======== EXERCISE MATERIAL

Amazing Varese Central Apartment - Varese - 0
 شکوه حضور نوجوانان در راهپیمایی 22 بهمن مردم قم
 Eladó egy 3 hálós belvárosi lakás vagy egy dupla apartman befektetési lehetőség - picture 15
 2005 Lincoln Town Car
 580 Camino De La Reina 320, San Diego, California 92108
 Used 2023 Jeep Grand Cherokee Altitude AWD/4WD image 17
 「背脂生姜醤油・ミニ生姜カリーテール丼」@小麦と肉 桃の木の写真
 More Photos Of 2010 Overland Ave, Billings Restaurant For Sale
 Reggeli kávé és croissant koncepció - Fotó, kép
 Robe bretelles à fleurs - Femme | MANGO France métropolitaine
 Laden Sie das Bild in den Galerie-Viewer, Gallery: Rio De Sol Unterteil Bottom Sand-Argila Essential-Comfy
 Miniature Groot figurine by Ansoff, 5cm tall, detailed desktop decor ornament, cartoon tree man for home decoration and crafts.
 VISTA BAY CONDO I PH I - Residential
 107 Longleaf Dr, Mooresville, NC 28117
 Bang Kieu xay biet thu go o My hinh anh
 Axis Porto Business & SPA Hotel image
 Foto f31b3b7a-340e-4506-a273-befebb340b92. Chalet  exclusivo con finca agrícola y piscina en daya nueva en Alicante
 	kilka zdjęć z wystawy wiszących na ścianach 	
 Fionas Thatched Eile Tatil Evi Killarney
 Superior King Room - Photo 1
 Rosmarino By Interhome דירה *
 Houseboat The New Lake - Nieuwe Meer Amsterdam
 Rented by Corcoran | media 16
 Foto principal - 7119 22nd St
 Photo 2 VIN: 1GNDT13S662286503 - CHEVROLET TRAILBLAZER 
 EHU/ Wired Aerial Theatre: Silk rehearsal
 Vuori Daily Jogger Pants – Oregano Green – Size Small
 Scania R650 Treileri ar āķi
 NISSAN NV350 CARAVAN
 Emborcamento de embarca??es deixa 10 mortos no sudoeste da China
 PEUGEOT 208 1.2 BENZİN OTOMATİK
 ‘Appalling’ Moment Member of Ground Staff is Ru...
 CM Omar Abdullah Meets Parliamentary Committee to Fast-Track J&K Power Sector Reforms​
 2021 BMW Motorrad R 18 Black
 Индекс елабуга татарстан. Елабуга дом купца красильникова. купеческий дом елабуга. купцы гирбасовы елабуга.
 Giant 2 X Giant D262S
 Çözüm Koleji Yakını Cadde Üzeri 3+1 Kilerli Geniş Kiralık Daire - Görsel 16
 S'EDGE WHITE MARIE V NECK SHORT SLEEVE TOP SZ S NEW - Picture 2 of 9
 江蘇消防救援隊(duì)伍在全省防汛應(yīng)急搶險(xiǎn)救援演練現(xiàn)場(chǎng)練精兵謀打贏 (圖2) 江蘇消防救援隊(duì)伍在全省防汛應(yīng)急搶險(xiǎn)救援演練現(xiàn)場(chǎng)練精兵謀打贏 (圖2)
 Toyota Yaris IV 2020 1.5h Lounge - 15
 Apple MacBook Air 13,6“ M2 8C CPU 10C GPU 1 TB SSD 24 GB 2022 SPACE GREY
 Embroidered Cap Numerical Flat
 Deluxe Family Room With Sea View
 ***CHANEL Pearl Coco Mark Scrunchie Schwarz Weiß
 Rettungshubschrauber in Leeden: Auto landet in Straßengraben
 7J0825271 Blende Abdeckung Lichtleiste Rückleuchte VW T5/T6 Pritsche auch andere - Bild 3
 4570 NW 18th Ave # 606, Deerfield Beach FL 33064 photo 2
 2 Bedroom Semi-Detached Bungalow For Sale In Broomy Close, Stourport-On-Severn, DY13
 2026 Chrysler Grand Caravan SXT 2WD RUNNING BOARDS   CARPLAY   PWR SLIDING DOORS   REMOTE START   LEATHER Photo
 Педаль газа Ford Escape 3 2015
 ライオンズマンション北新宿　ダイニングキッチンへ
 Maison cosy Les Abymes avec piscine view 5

================

--- ASSIGNED TASK ---
For this exercise, repeat exactly the lines of the data above from the one with "kilka zdjęć z" down to the one with "Photo 2 VIN: 1GNDT13S662286503", both end lines included.

--- WRITTEN RESPONSE ---
 	kilka zdjęć z wystawy wiszących na ścianach 	
 Fionas Thatched Eile Tatil Evi Killarney
 Superior King Room - Photo 1
 Rosmarino By Interhome דירה *
 Houseboat The New Lake - Nieuwe Meer Amsterdam
 Rented by Corcoran | media 16
 Foto principal - 7119 22nd St
 Photo 2 VIN: 1GNDT13S662286503 - CHEVROLET TRAILBLAZER 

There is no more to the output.